As I peered over the railing of the Music Hall of Williamsburg balcony, I could feel electricity in the air. As audience members eagerly awaited the arrival of Chicago-based rock band Twin Peaks, I couldn’t help but reminisce about days gone by.
Let’s rewind to the year 2014 when Twin Peaks played another Williamsburg venue, Baby’s All Right and brought the house down. Literally. During their set, they went so hard that the roof of the venue collapsed. By the next song, my friends and I found ourselves passing pieces of the roof around to other audience members as we all moshed together. When a crowd comes together like that in a hilarious, special way, that is the magic of rock music. It’s something I’ll never forget.
Since then, the dudes of Twin Peaks have toured worldwide, playing venues larger than Baby’s, as well as festivals like SXSW. A year later, in 2015, I had the pleasure of seeing them again at the Music Hall of Williamsburg. However, unlike last Tuesday night, I was one of the eager audience members dancing at floor level. This time, the crowd wasn’t passing around pieces of a broken roof. Instead, they were passing around my hat and my friend’s shoes—proof that the dudes sharpened their performance skills, prompting me to mosh harder than I did the previous year.

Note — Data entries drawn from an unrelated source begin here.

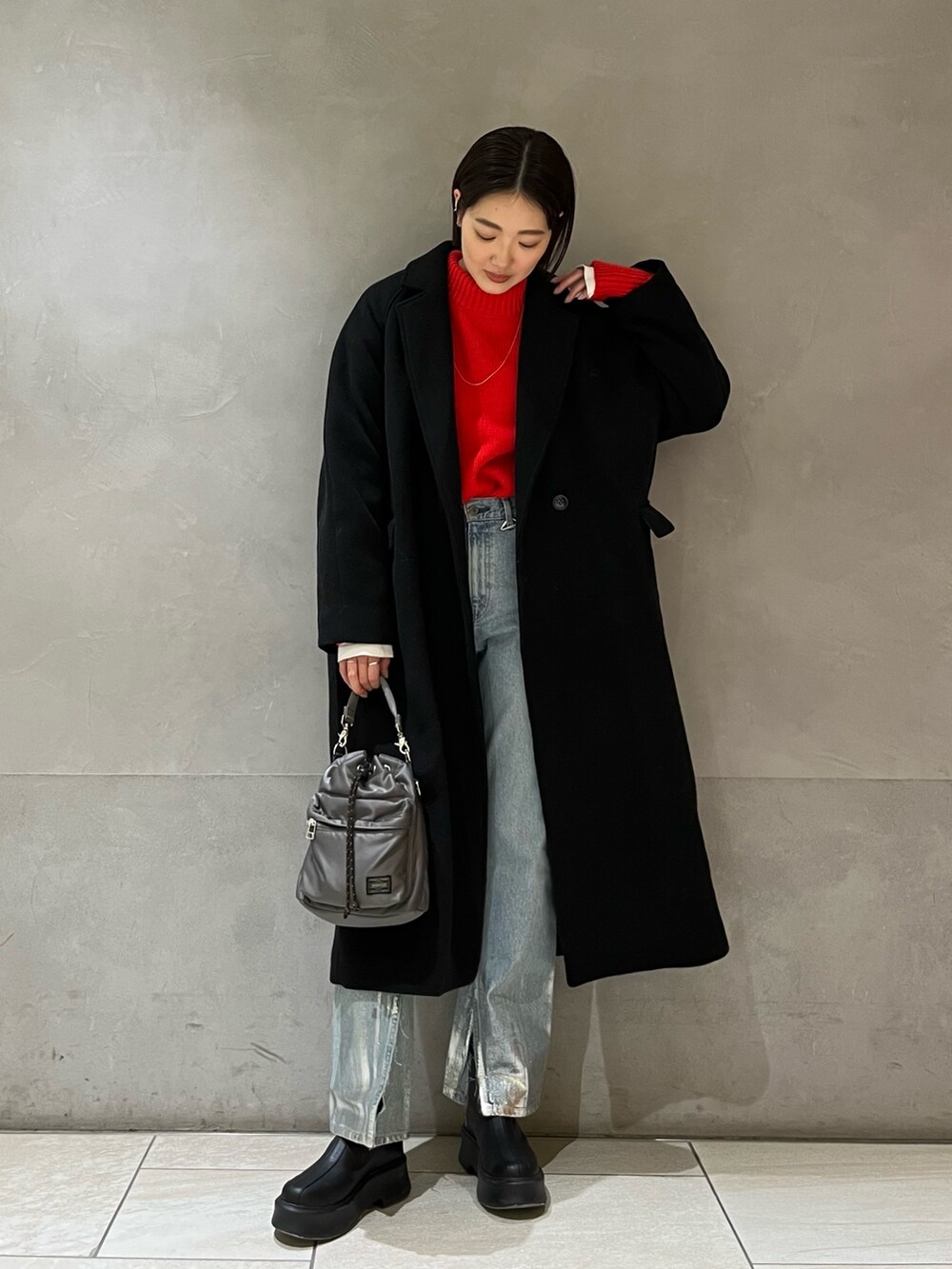 レッド系のニット/セーター、ブラック系のチェスターコート、ブルー系のデニムパンツを着用したレディースの冬コーディネートの2枚目の写真
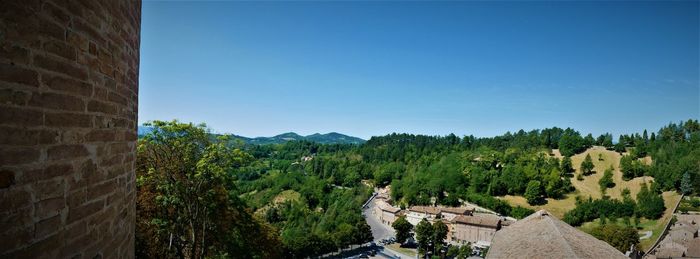 Panoramic view of trees and buildings against blue sky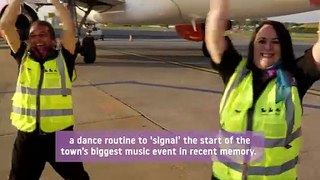 Watch as Luton airport staff welcome Radio 1 Big Weekend with dance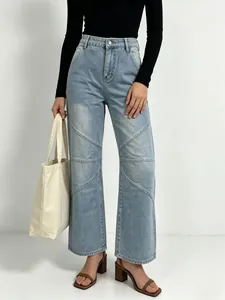 Detail of light blue straight-leg jeans with unique geometric patchwork stitching design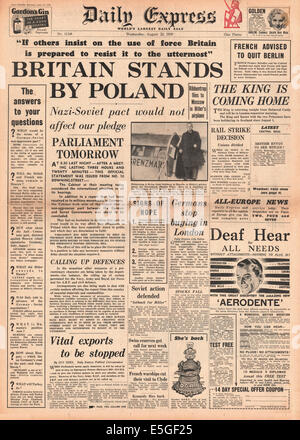 1939 Daily Express front page reporting British government's pledge to stand by Poland if they are attacked Stock Photo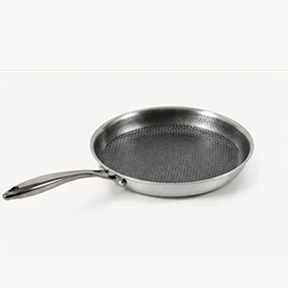 A stainless steel frying pan with a dark, textured honeycomb cooking surface on a white background.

TUESDAY 05/24/16 – BROOKLYN, NEW YORK
Now, we return back to the present—I’m leaning over the balcony, and suddenly the crowd begins to scream. The Twin Peaks dudes have finally made their grand entrance onto the stage. The show was nothing short of proof that the band’s sound has matured greatly, just like my friends and I have since 2014.
This show was one of many in support of Twin Peaks’ third record Down in Heaven. When I first heard the record, I was a bit surprised. The boys have departed from the garage rock sound that I became so accustomed to during my years listening to Sunken and Wild Onion. With Down in Heaven, Twin Peaks delivers tunes that are less punk rock, and more folk/blues. It is clear that they have come a long way since Sunken.

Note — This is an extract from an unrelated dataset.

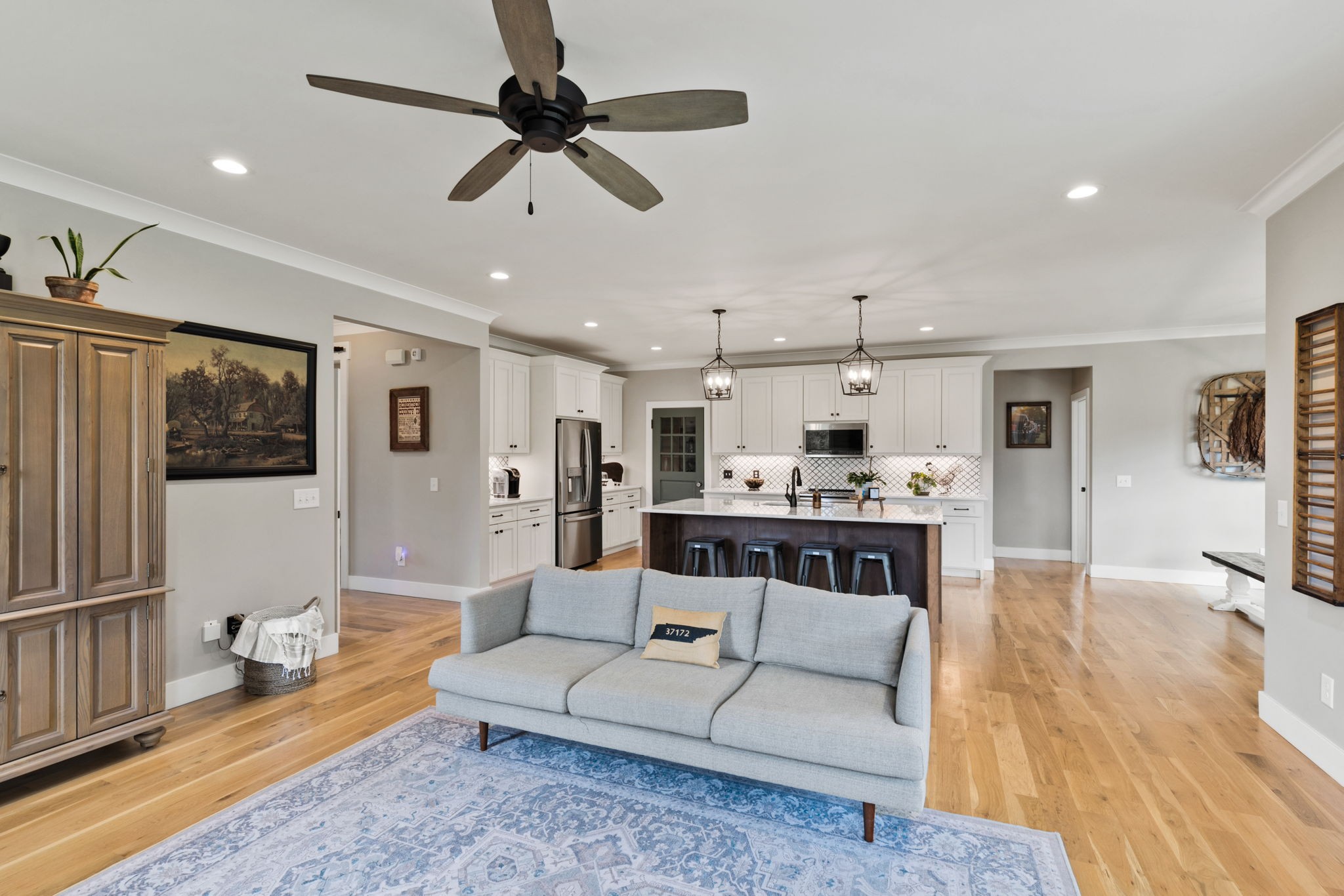 5651 Flewellyn Road Springfield, TN 37172 - Photo 8 of 55 a living room with furniture and a view of kitchen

There’s no surprise then, that Down in Heaven sounds just as killer live as it does on Spotify or a record player. The new has been perfectly blended with the old on the Twin Peaks set list—beloved songs like “Stand in the Sand” and “Making Breakfast” sound great in contrast with new songs like “Butterfly” and “Wanted You.” With this dynamic, the dudes achieved a perfect middle ground between head-banging rock anthems and calming blues melodies.
Down in Heaven is the perfect album for those summer nights with the best of friends. Each track is relatable, and the lyrics provide honest descriptions about relationships, growing older and “Getting Better.”